Despite the pummeling that President Obama has taken over the federal loan guarantee program, he will be hitting back on the campaign trial. For all the clamor over the collapse over solar firm Solyndra, his political opponents are still stained from high oil prices and the BP oil spill.

The Obama administration is now emboldened: An independent review team headed by a former official in the Bush 11 White House said that U.S. Department of Energy’s loan guarantee program is effectively leveraging the loans to create jobs while much less money needs to be reserved to cover potential losses. Still, the analysis said that the loans must be closely watched after they are awarded.

The president is expected to keep pushing for monies for clean energy deals while Republican lawmakers want to reduce such funding. It’s an honest debate but one in which the president does not intend to back down, given the determination he displayed during his annual address to the nation in January.

“Some technologies don’t pan out; some companies fail,” President Obama said. “But I will not walk away from from the promise of clean energy.” He went on to take a shot at the oil industry, which is enjoying record revenues and which -- the president and his supporters claim -- are resting on the public dole.

The report, authored by Herb Allison who oversaw the program to bail out the nation’s big banks, says that loan guarantees have successfully leveraged $35 billion into the U.S. economy. It also says that the fund must keep $3 billion in reserves to cover potential losses -- a third of what lawmakers had thought. At the same time, eligible businesses have only accessed a portion of their loans.

The review goes on to say the loans are generally secured. That’s because the operations getting the money are doing business with utilities that have stable cash flows. And even those businesses that are posing risks still have value even if they belly up. Consider Beacon Power that makes energy storage products: The failed company snagged a $43 million loan guarantee, although Rockland Capital bought the remains for $30.5 million and thereby diminished the losses.

Energy Secretary Steven Chu responded, saying that other endeavors may fail but that the vast majority will succeed and repay their loans on time and with interest.

Political Opposition

Allison’s findings, which didn’t specifically look at Solyndra and Beacon, correspond with two earlier studies: The Congressional Research Service and Bloomberg Finance. The former concludes that the ultimate success or failure of the projects will depend on management and its ability to mitigate risks.
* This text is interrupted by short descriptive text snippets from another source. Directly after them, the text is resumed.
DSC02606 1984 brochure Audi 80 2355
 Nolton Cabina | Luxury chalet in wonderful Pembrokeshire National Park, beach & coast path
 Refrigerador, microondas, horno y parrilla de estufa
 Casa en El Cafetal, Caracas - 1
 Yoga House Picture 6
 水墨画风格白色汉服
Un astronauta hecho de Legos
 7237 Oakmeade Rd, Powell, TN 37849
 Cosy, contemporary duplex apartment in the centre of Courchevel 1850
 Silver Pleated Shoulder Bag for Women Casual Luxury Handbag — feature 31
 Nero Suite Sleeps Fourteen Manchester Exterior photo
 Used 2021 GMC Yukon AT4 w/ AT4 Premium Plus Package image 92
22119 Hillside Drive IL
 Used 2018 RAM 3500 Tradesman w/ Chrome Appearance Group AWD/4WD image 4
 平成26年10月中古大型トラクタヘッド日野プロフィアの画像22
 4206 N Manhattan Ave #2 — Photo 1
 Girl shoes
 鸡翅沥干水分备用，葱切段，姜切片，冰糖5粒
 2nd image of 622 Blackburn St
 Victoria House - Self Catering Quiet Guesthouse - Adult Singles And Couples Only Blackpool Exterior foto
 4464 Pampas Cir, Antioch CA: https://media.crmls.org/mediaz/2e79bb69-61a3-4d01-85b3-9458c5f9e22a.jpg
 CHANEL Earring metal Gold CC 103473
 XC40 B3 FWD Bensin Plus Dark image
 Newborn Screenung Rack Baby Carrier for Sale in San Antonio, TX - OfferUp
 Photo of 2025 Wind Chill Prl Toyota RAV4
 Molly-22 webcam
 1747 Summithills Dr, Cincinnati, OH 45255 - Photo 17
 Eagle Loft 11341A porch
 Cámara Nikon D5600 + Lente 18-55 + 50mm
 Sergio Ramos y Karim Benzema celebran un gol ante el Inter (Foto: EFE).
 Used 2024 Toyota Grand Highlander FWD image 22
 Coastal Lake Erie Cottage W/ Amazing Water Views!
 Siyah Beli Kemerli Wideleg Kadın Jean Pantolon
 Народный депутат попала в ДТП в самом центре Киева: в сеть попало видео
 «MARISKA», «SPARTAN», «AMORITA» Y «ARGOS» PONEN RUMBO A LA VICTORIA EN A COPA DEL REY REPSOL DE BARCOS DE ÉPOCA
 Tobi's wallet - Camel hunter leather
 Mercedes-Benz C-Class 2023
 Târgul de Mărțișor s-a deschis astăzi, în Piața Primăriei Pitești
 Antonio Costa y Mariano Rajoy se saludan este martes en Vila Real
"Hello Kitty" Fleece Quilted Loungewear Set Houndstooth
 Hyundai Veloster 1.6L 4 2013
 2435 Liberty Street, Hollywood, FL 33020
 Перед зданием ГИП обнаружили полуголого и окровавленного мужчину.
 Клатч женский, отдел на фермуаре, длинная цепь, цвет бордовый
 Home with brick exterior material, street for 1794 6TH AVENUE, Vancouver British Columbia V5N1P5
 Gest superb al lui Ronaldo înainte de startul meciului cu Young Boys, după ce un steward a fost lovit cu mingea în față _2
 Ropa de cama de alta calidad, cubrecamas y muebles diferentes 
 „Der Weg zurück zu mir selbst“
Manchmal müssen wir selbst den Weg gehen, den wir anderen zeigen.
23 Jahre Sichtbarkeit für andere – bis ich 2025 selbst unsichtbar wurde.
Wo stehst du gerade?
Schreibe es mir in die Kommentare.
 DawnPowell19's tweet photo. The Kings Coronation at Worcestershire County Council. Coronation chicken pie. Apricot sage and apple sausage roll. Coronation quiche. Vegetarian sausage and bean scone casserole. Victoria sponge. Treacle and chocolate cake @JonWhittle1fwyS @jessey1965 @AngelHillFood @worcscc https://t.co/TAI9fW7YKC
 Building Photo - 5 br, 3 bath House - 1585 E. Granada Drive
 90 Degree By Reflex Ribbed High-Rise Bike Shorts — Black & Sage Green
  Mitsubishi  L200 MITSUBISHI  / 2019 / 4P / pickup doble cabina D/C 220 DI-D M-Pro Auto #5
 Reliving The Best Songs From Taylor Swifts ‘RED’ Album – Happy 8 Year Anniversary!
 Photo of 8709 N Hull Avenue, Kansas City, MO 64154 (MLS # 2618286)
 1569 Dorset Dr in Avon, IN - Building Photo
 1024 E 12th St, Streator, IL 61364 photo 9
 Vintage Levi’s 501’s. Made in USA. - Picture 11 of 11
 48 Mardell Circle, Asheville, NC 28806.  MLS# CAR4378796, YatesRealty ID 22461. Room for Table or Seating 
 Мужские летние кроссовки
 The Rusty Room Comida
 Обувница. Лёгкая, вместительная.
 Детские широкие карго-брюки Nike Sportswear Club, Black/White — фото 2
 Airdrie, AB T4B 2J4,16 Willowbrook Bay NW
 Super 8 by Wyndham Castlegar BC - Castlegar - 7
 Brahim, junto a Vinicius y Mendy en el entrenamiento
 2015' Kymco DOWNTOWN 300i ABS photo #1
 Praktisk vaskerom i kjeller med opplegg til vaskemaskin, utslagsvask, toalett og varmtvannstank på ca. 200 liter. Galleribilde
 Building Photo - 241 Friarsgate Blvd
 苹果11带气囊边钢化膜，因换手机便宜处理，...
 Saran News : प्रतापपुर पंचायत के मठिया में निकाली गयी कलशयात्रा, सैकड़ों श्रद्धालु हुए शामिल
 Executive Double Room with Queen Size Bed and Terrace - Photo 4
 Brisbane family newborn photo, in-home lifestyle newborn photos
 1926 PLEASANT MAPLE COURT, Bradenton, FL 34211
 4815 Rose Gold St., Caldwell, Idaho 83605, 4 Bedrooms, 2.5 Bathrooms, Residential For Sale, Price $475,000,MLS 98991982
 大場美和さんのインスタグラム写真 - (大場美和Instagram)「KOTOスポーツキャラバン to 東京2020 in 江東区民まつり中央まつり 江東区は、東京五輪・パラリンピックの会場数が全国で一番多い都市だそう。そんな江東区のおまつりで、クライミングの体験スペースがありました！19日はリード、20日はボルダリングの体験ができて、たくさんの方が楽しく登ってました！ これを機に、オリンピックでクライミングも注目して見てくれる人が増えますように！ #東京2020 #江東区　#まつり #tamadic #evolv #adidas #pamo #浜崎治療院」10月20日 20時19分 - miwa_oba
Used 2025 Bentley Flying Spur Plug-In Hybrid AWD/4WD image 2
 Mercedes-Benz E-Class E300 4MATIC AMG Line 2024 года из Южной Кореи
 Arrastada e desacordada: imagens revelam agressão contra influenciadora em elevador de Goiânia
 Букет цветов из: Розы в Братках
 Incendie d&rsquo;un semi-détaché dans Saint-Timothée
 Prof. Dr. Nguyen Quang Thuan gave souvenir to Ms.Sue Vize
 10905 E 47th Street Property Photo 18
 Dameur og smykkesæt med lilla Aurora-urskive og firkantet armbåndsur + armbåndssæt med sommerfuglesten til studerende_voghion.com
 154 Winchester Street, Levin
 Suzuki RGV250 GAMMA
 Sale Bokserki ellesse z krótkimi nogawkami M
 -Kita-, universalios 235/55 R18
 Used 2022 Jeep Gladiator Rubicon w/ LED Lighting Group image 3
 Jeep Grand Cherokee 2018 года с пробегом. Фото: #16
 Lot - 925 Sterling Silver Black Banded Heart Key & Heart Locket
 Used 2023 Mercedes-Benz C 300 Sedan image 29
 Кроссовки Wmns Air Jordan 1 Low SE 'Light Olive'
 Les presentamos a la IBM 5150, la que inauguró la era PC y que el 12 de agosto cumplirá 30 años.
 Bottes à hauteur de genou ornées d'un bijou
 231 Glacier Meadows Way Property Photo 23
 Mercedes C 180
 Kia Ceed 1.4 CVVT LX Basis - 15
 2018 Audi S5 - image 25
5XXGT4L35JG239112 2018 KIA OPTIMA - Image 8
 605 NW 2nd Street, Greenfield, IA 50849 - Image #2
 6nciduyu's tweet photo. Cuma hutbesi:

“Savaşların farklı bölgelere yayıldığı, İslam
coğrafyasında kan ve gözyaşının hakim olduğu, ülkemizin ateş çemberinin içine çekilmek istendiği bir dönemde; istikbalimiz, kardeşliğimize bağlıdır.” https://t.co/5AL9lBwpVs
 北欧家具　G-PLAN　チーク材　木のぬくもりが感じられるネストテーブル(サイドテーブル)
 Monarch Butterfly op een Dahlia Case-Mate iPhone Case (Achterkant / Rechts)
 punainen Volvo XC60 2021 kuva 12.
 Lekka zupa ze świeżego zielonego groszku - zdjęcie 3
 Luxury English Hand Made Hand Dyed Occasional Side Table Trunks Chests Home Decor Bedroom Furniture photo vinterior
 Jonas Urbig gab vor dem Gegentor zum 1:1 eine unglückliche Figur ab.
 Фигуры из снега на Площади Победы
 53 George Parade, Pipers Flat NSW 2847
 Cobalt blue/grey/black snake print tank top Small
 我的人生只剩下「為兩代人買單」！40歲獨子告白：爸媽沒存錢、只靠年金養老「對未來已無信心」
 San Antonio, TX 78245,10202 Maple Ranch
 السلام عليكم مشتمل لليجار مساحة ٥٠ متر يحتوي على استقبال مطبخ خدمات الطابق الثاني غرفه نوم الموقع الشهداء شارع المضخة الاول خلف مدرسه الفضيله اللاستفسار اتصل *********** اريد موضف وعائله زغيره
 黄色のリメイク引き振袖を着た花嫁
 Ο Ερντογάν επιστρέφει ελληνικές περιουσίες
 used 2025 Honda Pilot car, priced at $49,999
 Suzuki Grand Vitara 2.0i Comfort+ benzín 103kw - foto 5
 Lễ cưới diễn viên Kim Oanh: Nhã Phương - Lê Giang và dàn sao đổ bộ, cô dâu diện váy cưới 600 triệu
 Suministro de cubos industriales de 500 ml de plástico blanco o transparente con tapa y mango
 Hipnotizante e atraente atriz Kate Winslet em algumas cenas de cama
Meanwhile, Bloomberg’s analysis says that 87 percent of the loans are low-risk and that Solydra’s $535 million loss is a fraction of the total $35 billion program.

“The reality is the Department of Energy’s loan guarantee program will likely result in minimal costs and large gains for taxpayers—just like many other federal lending efforts,” add Mark Muro and Jon Rothwell, both with the Brookings Institute, in the New Republic.

Altogether, the Energy Department is at some stage of awarding $35 billion in loans to about 40 alternative energy projects, which according to the administration have saved or created 62,000 jobs. Some of those deals may get cut off in the new fiscal year. But if Republican lawmakers reason that loan guarantees are “wasteful spending,” then they must apply same logic to such investments as carbon capture and sequestration as well as nuclear development.

So is it in the interest of the political opposition to hammer away at the Solyndra debacle in light of what they will be asking government to do for the industries backing them? No doubt, Solyndra is fair game and any potential cronyism should be exposed. But it should work both ways.

Take Big Oil: The five leading companies have made huge profits and as a result, they have been asked by some lawmakers to forego some of their lucrative tax breaks. President Obama would use that money to reduce the annual deficit while allocating some of it to green energy enterprises that need some seed money.

Oil companies aren't about to budge and will argue that higher taxes in any form would serve to discourage domestic oil and gas drilling. Because demand is expected to continue increasing, prices would rise. The make-up of the Congress will mean that the oil companies get their way -- even though Americans are paying high gasoline prices and have witnessed the worst oil spill in history.

But that’s a case that President Obama will take to the American people and it’s one that will be juxtaposed next to a collapsing solar company.